For a 3rd system not bad at all. I had one before upgrading to my SVS and it just didn't cut it for me. Way to much port chuffing for my taste. The surrounds tho OP is suggesting could definitely be downgraded and really lose nothing while pumping that money to a really nice sub and see real improvement.


----------



## tonyvdb (Sep 5, 2007)

Great choice for speakers and the advice given is what I would also suggest. Seeing as your also in Canada look at this sub from Sonic boom audio. The PB12NSD is an amazing sub for the money.


----------



## informel (Jun 21, 2011)

JBrax said:


> That's a pretty decent upgrade from the Bose though I would look at a different subwoofer. Maybe downgrade the surrounds to the rs-42 ii's and slide some more money to the subwoofer. The rs-42 ii's are very capable and perform great in my setup.


It is a used system thst somebody is selling on the net, so he does not have the choice to buy the whole package, but if the sub is so so, I will suggest him to look elsewhere as the sub is very important to him and this is why I started another tread for a system that would cost between 3 and 4 k


----------



## hjones4841 (Jan 21, 2009)

JBrax said:


> For a 3rd system not bad at all. I had one before upgrading to my SVS and it just didn't cut it for me. Way to much port chuffing for my taste. The surrounds tho OP is suggesting could definitely be downgraded and really lose nothing while pumping that money to a really nice sub and see real improvement.


You are correct - bass from this sub would not be called "tight" but OK for movies and it has lots of output. No comparison to the Hsu ULS-15s in the other systems for music and overall accuracy. 

The Hsu VTF-15H would not be that much more money and would give options for EQ and ported vs. semi-sealed. Big and heavy, tho.


----------



## JimmyLeggs (Jul 28, 2012)

You could get that system new for about the same money:

Future Shop:
Klipsch Reference IV 3-Way Tower Speaker (RF82) - Single
RF82 WebID: 10105919 - 349$ Each

Klipsch Reference Centre Channel Speaker (RC500B) - Single
RC500B WebID: 10205921 - 449$ (6" would be better though)

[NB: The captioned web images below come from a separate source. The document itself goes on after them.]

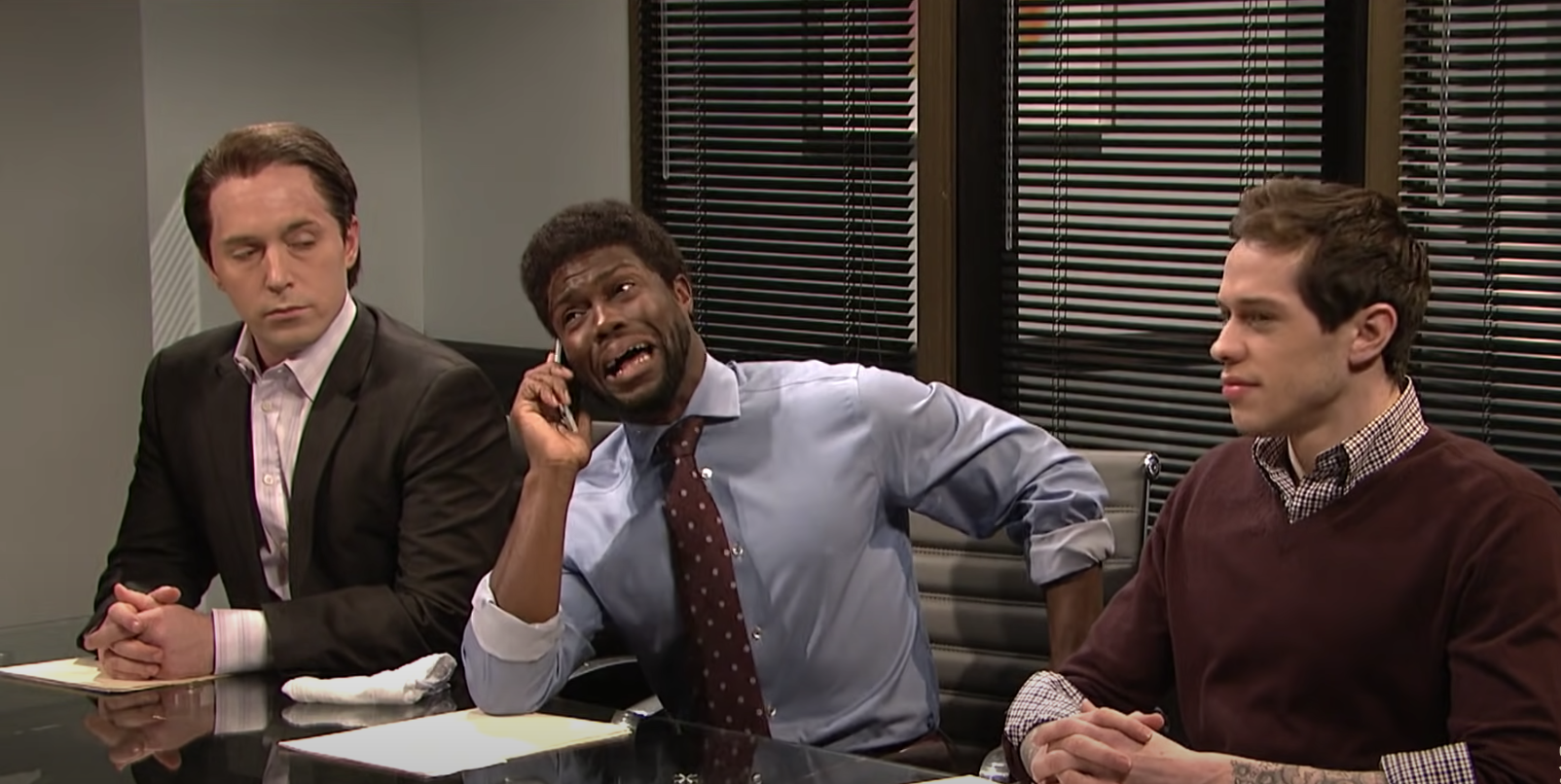 three men in an office at work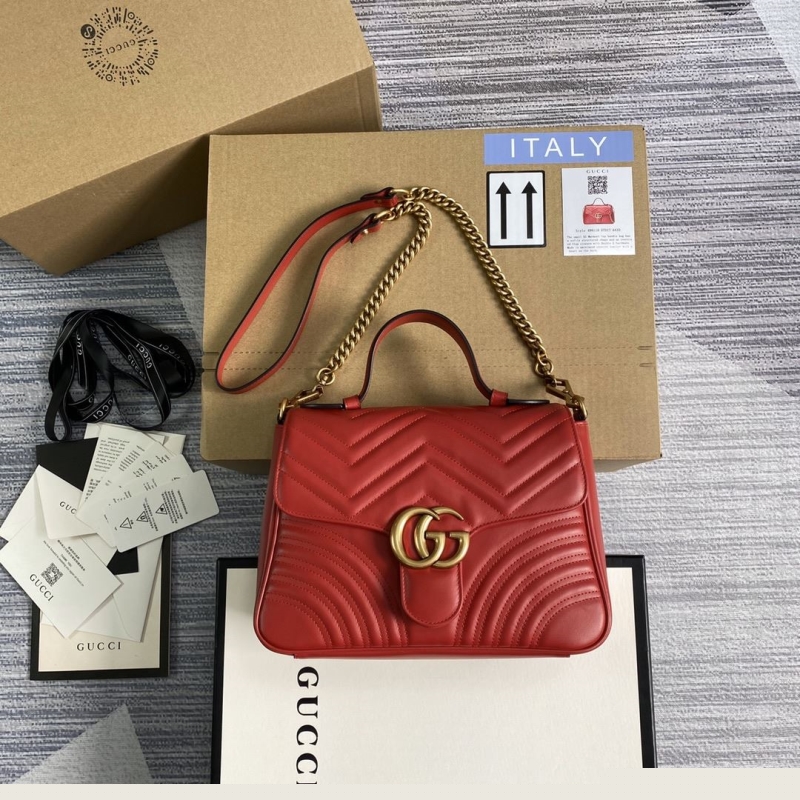 G*u*i top handle bags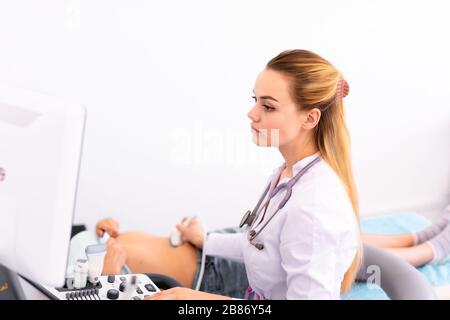 Ultrasound sensor of modern ultrasonic scanner in young woman doctor's hands preparing for a device scan. Helthcare concept. Stock Photo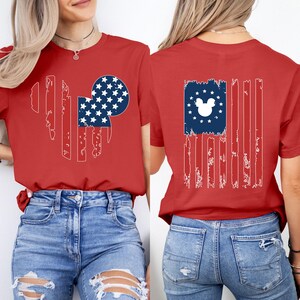 May include: Red t-shirt with a distressed American flag design incorporating a Mickey Mouse head silhouette. The front design is on the left, and the back design is centered. The flag's blue section has white stars. A casual, patriotic tee.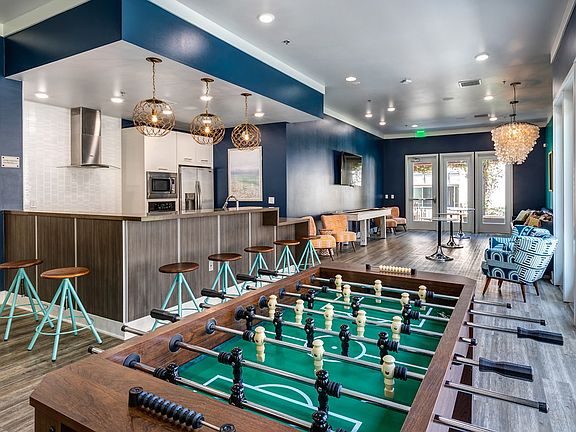Club room with Foosball table, shuffleboard, and full kitchen with bar seating.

Klipsch reference Surround Speaker (RS400B) - Single - Black
RS400B WebID: 10205922 - 349$ Each

Throw in the Onkyo 818 for 1200$ at Best Buy and all you're missing is a sub. There are even cheaper Pioneer receivers that would fit the bill since the Klipsch are so easy to drive. 

If you're looking for Klipsch now would be the time to buy the RF-82 as they are getting rid of them. There is also a sale every year on labor day weekend. Might be worth checking out.


----------



## informel (Jun 21, 2011)

Thanks for all of your reply, I did convince my friend not to buy this system as I know he would not be satified with the base as he as a large room to fill, so one or 2 HSU would please him better


----------